_Supplied data_.

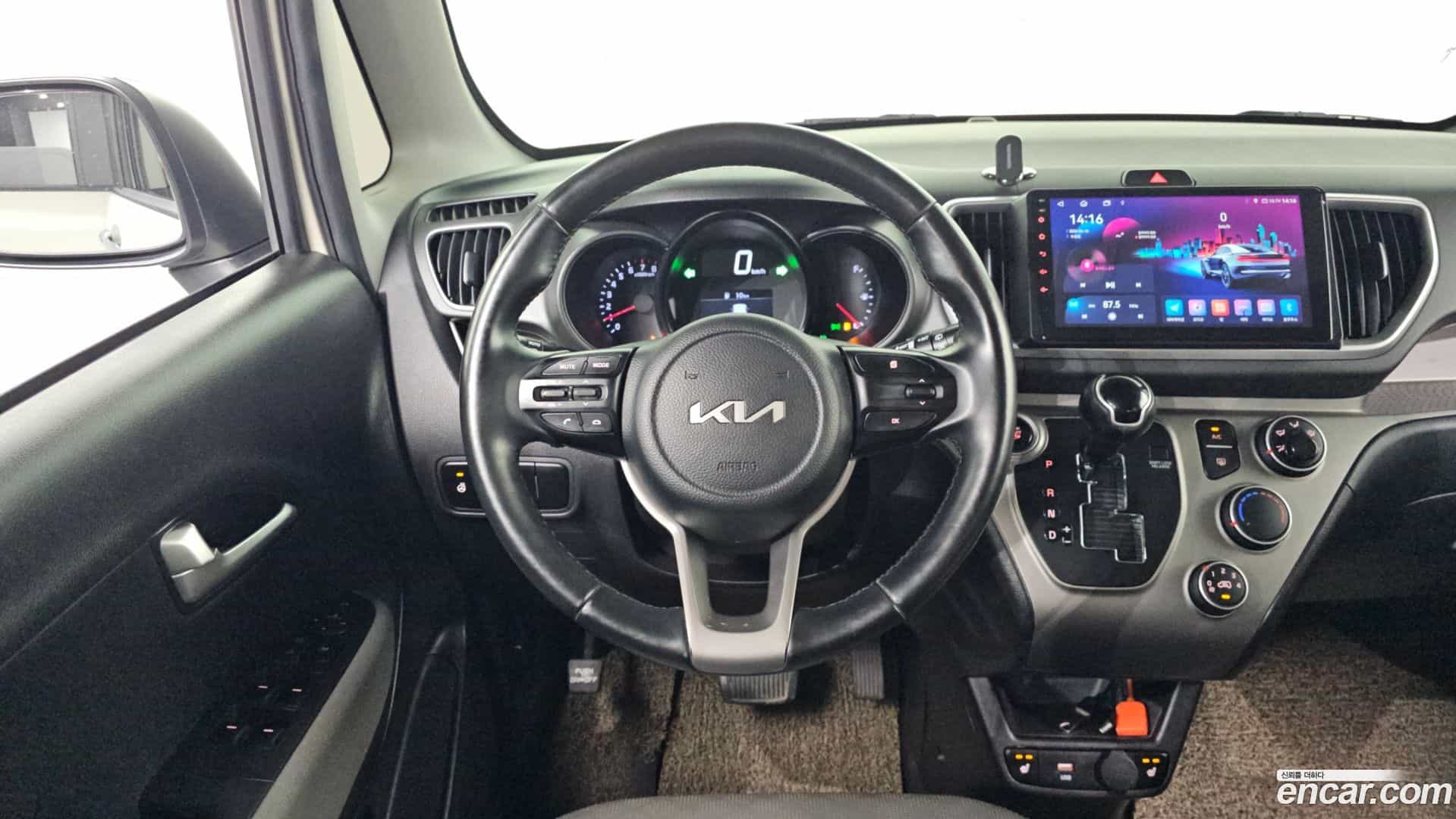 RAY Kia 2021.9-OPTION-016
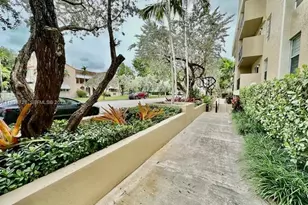 110 Salamanca Ave, Coral Gables, FL 33134 - Photo 19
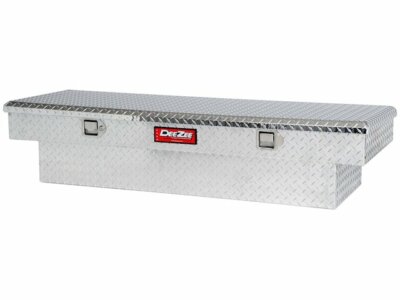 truck0929ページです 880QGLZX-D3XV Parker Chelsea PTO Power Take Off – Truck To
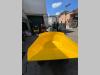 Wacker Neuson 1501 Photo 9 thumbnail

_Work to be completed_.
All the material above must be copied exactly, and no picture belongs in the copy.

_Written solution_.
 RAY Kia 2021.9-OPTION-016
 110 Salamanca Ave, Coral Gables, FL 33134 - Photo 19
 truck0929ページです 880QGLZX-D3XV Parker Chelsea PTO Power Take Off – Truck To
 Wacker Neuson 1501 Photo 9 thumbnail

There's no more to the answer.